Thanks, Neil, for using such moderate language about me. Sorry for being so old, sorry for the fact that my first published article is also old. Is it really 60 years now ? Time does fly. Anyway, mea culpa, mea maxima culpa.

But there is one thing I don't quite get in your piece. What do you mean by "auspicious detail made even more auspicious ..." ? Just what does "auspicious" mean in this context ? Maybe you mean "suspicious" ? Anyway you suggest that I have had some sort of personal involvement in this thing. So good of you to suggest that. I love insinuation as a form of argument. Anyway, no, the answer is no, no personal involvement in this now or ever.

As to your arguments about the research agenda at SESE, I have answered this sort of thing here:

http://www.fringegroups.com/2010/12/oise-social-science-captured-by-new.html

neilshyminsky said...

Hi Werner - I was wondering whether you'd get a track-back notice, or anything. I didn't expect you to respond within hours of my writing it, though!

And no, I don't mean "suspicious". I don't think you're hiding anything. (And if you are, you do a terrible job of it.) But I do think, in the text printed by the National Post, that you're trying to affect the appearance of objectivity and disinterested distance. And it's an affect that the readers of a newspaper associate with The Truth, and an affect that would be hard to produce if you admitted that SESE's research and politics are in direct conflict with your own research and politics, especially with respect to your positions on Israel. So "auspicious" in the sense that this absence benefits the truthiness effect of your allegations.

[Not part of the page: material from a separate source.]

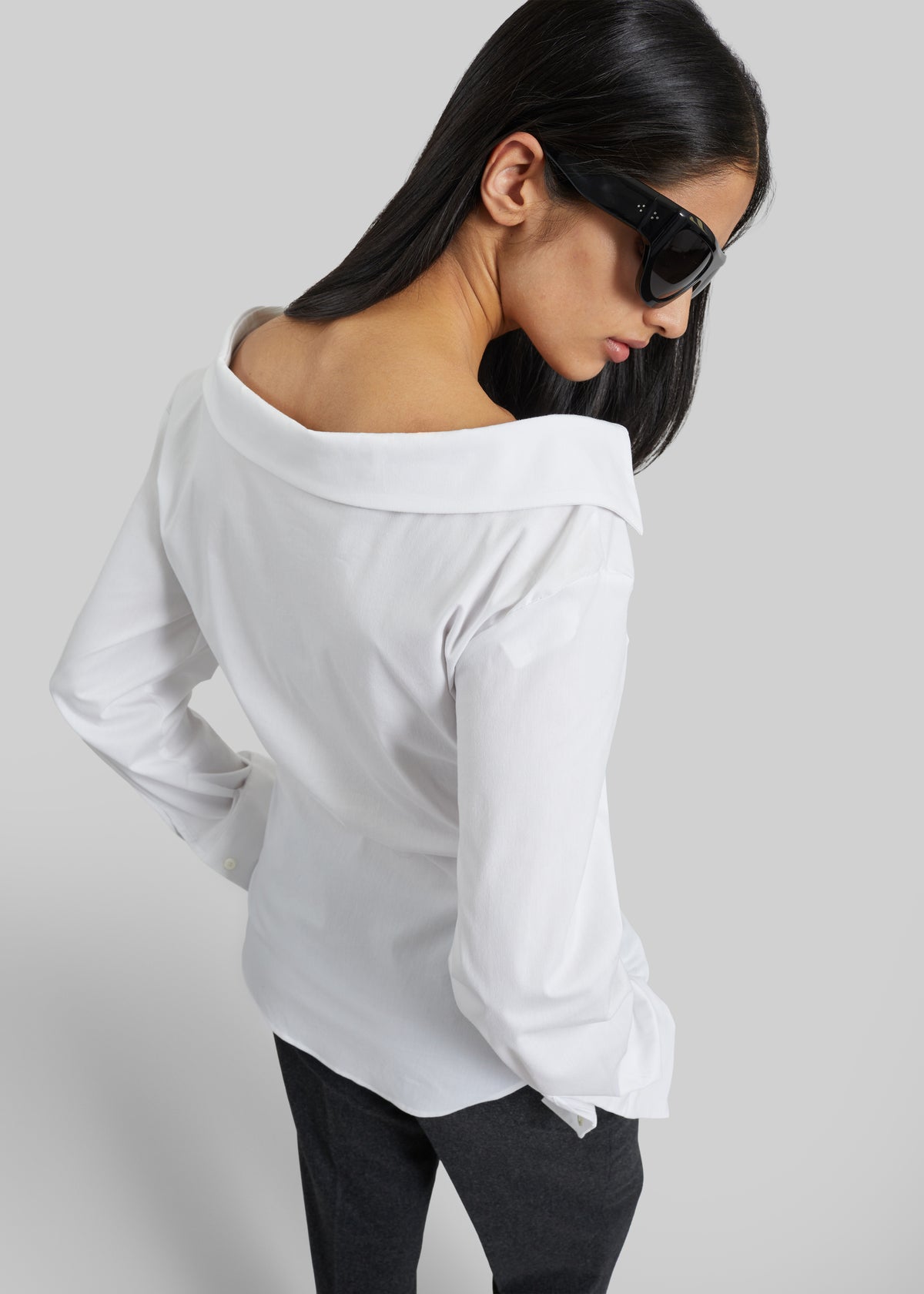 Mela Fitted Shirt - White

And I think that should address the point about "personal involvement". I don't mean to suggest that you have any direct, personal interest in SESE. (If it seems to be implied by my language, that wasn't my intent.) But I do mean to say that you have a political interest that informs your position - an interest that doesn't appear in the piece in the Post - and that your objection to SESE goes deeper than whether they're following conventional sociological protocol. (And even if that were your claim, there's a politics underlying the decision to apply normative labels like conventional and, as you term it on your own blog, the "new dogma".)

On another note entirely, I was being too cute by half when I made the "60 years" crack. It implies what I meant for it to imply, certainly, but it was lazy writing - even for a blog.

neilshyminsky said...

Oh, and I noticed this line in your post about SESE, which I think sums up the disconnect between the two of us: "On the surface, 'gender' appears to be neutral; it could mean an entirely scholarly interest in sex differences in learning, or whatnot. But in the current context I found that an interest in 'gender' is short-hand for a desire to engage in advocacy on behalf of a grievance-based political action."

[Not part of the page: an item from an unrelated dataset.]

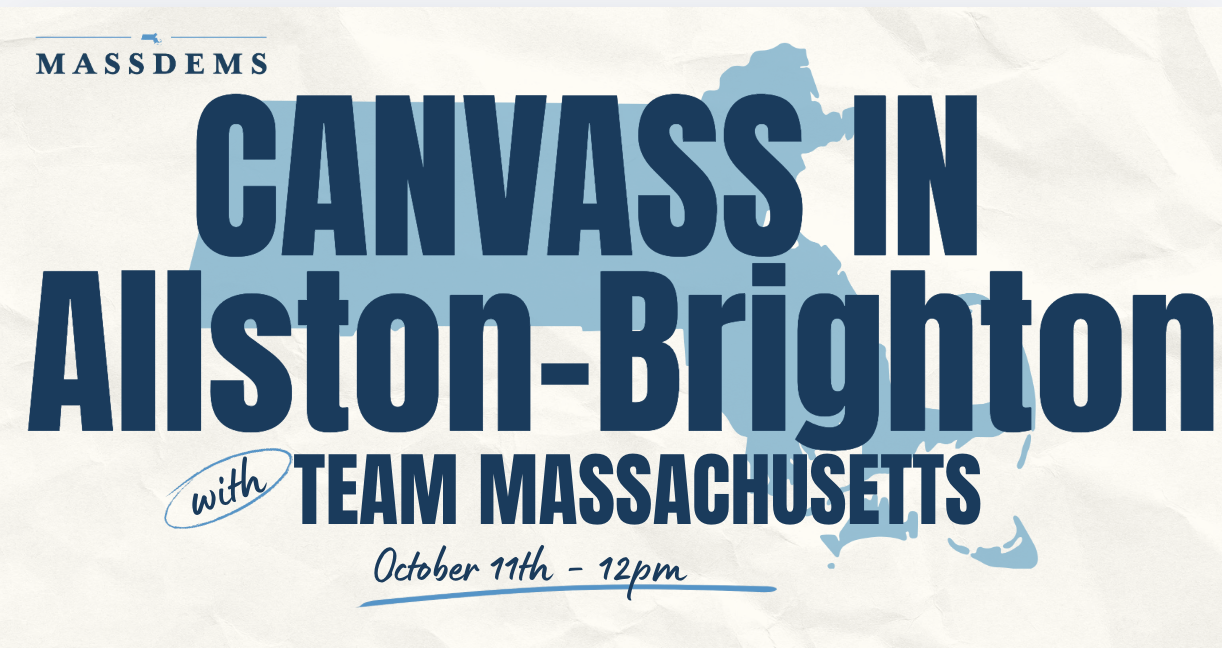 Canvass with Team Massachusetts in Allston Brighton! image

What, exactly, does an "entirely scholarly interest in sex differences" look like? Because if I'm understanding you correctly and the suggestion is that an ideal study of gender should be apolitical, then, as a gender studies scholar myself, I'd like to know how you think that's possible.

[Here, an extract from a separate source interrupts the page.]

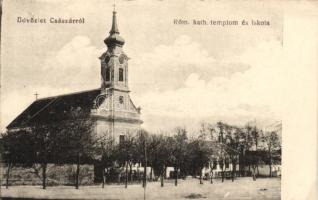 Császár Római katolikus templom és iskola (EK)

Nathan Kalman-Lamb said...

I would be interested to see Professor Cohn respond to any of your actual arguments. Of course, by choosing to nit-pick your language ("auspicious") and dwell on your (admittedly unnecessary) comments about his age, he has demonstrated what he has to say by way of rebuttal: nothing of substance. It's a pity he didn't come to that realization sooner.

Nathan Kalman-Lamb said...

I should add, after reading the blog entry Professor Cohn linked to above, that I would love to hear him elaborate his concerns about "anti-racism...and...anti-colonial thought."

neilshyminsky said...

Re: "auspicious" - I re-read the sentence in my original post, and I think the problem is that I'm doubling-up on it. The second use of auspicious creates the effect I was going for; the first one is just wrong. (It should really just be "important" or "key".) Just some poor editing on my part - whoops!